Welcome statement


Parting Words from Moristotle (07/31/2023)
tells how to access our archives
of art, poems, stories, serials, travelogues,
essays, reviews, interviews, correspondence….

Sunday, August 7, 2011

"Get your brain out of your ears"

The main way spouses can be in agreement is to hear and understand one another correctly.
    This morning, I was just returning from the yard into the screened porch on the back of our house when my wife was coming into it from the house.
    "Would you open the door for me?" she said.
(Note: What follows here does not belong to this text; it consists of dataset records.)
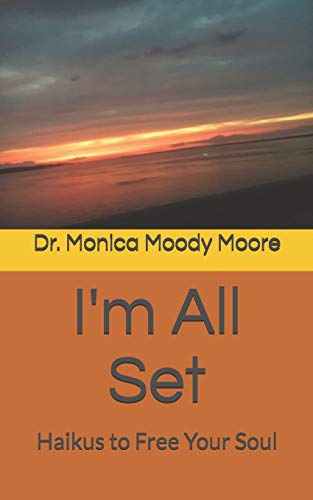 I'm All Set: Haikus to Free Your Soul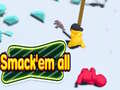 เกม Smack'em all 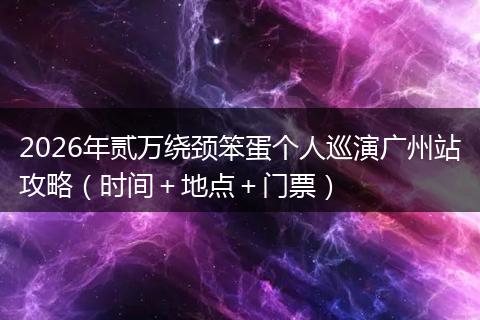2026年贰万绕颈笨蛋个人巡演广州站攻略（时间＋地点＋门票）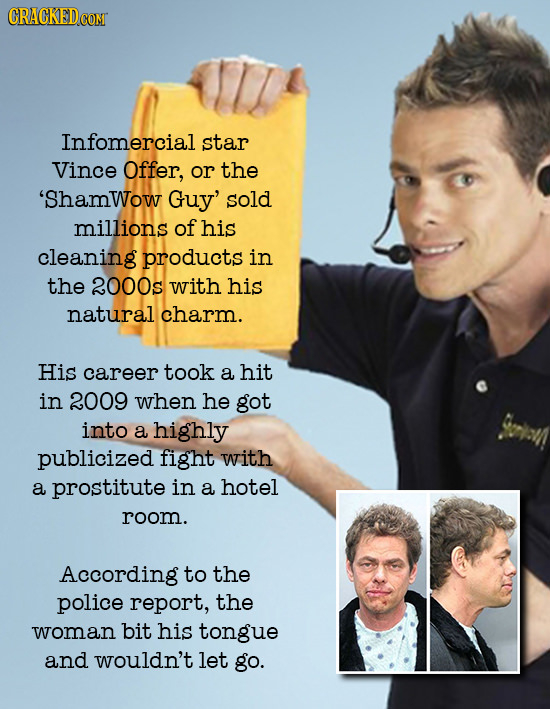 CRACKED Infomercial star Vince Offer, or the 'ShamWow Guy' sold millions of his cleaning products in the 2000s with his natural charm. His career took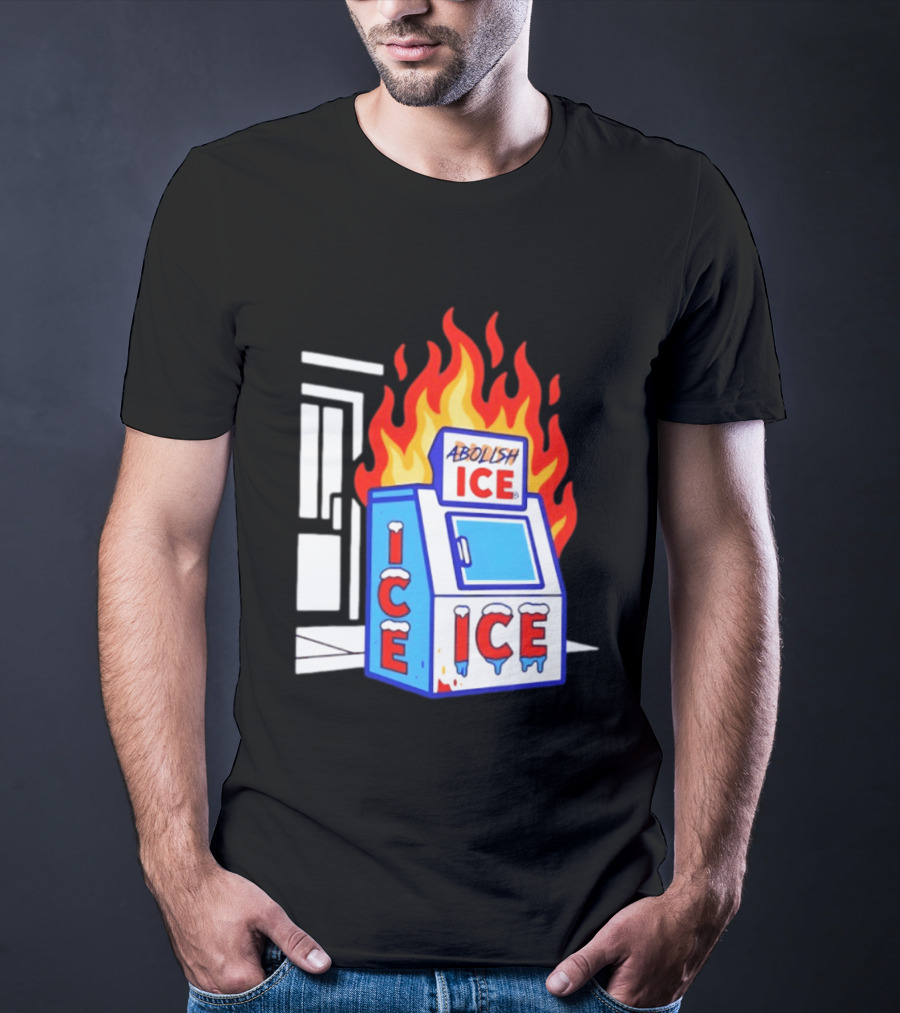 Abolish ICE Fiery Vending Machine Protest Activism T-Shirt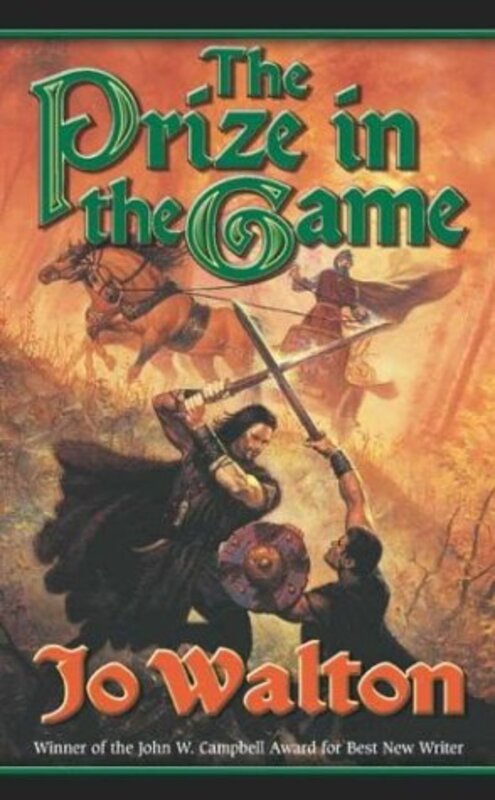 Book cover for "The Prize in the Game" by Jo Walton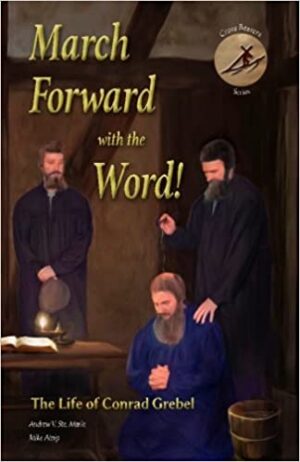 March Forward with the Word!: The Life of Conrad Grebel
She was carrying a cup of milk and a plate containing her English muffin.
    I stepped back to hold open the door I'd just come through.
    "No, I mean this door," she said.
    I stepped forward instead, but by now she had already gotten out okay.
    "Would you turn the fan off for me?" she said.
    As I neared the door into the house, she added, "Put it on speed two."
    I proceeded to the controls for the fan in the house, realizing on the way that if I turned it off it wouldn't have any speed at all, so—
    "No, no," my wife said, "Turn this fan on."
    But by now she had set her cup and plate down and was already at the controls for the porch fan.
    "I thought you said to turn the fan off," I explained.
    "No," she said, "I said turn the fan on. You need to get your brain out of your ears."

Great metaphor, that! We have all experienced mishearing words—or misinterpreting words correctly identified—because our brain has imposed a contrary preconception or assumption onto the interchange.
    My brain's contribution in the scenario reported above seems to have been, first, to assume that "the door" was the one that I was touching, especially since the door she was touching was already open, and the door I was next to is stiff and would certainly be difficult or dangerous to get through holding a glass in one hand and a plate in the other.
    Next, apparently, the correction of "the door" from the one I was near to the one farther away from me set me up to interpret "the fan" similarly, especially since my wife is a stickler for not leaving electrical equipment on in a room you're just leaving. And, of course, if she was referring to the fan in the room that she was leaving, she certainly wouldn't want me to go turn it on. In any case, the fan on the porch never entered my mind at all.
    And so on.
    Clearly, my brain was working away. It didn't mean to be plugging my ears, but to my wife trying to communicate her wishes to me, that was effectively what it had been doing.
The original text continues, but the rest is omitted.